The transportable detonation chamber or T-D-C will be used to dispose of 71 chemical munitions found on Schofield Barracks a couple of years ago.
"They were discovered as part of unexploded ordinance clearing operations that occurred between June 2004 and Sept 2006. As I mentioned these munitions are extremely old date back to the period between World War I and World war II, " explains Colonel Matthew Margotta.
The chamber is a proven method having destroyed more than one hundred chemical munitions in the United Kingdom. The Army maintains no chemical vapors will be released.
"The TDC is a fully contained system what that means is no part of the operation you are going to see here today has the capability to impact our environment."
The tour begins where disposal experts suit up.

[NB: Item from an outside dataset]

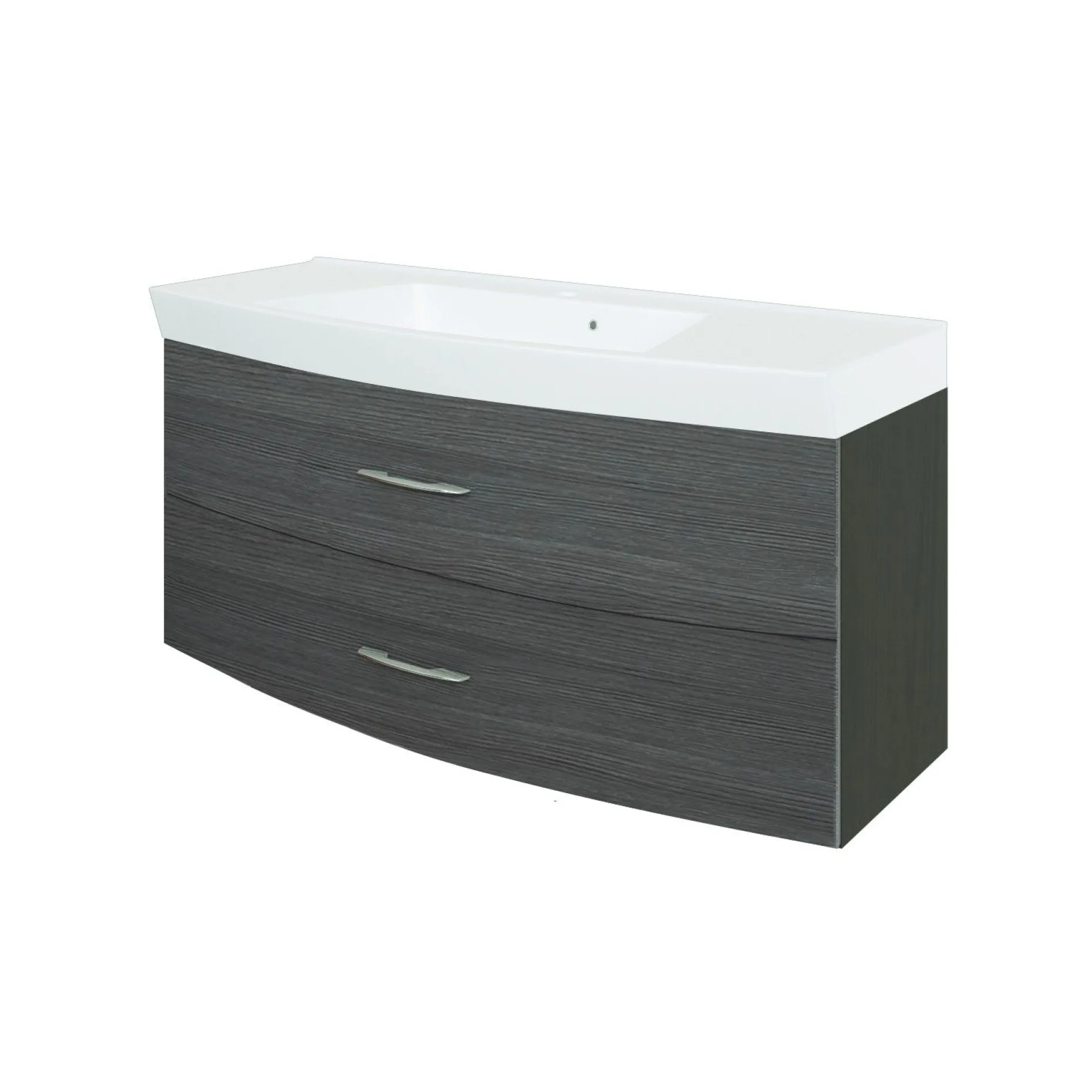 Waschbeckenschrank Florent gebogen 120cm 2 Schubladen - graphit/graue Eiche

"What I'm holding is one of the key pieces of personal protective equipment the M-40 military mask with an apron hood, says project manager Dave Hoffman."
Inside the chamber the old chemical munition is wrapped up and placed in a demolition shell. Most are smaller than this demonstration munition.
The chamber is the size of a storage shed made of strong steel. The weapon and the liquid agent are exploded by a blast and then vaporized by steam.
All the vapors and byproducts are then sent through two more chemical processes and the entire process is monitored closely. The Army does not use or train with chemical weapons today following an international treaty.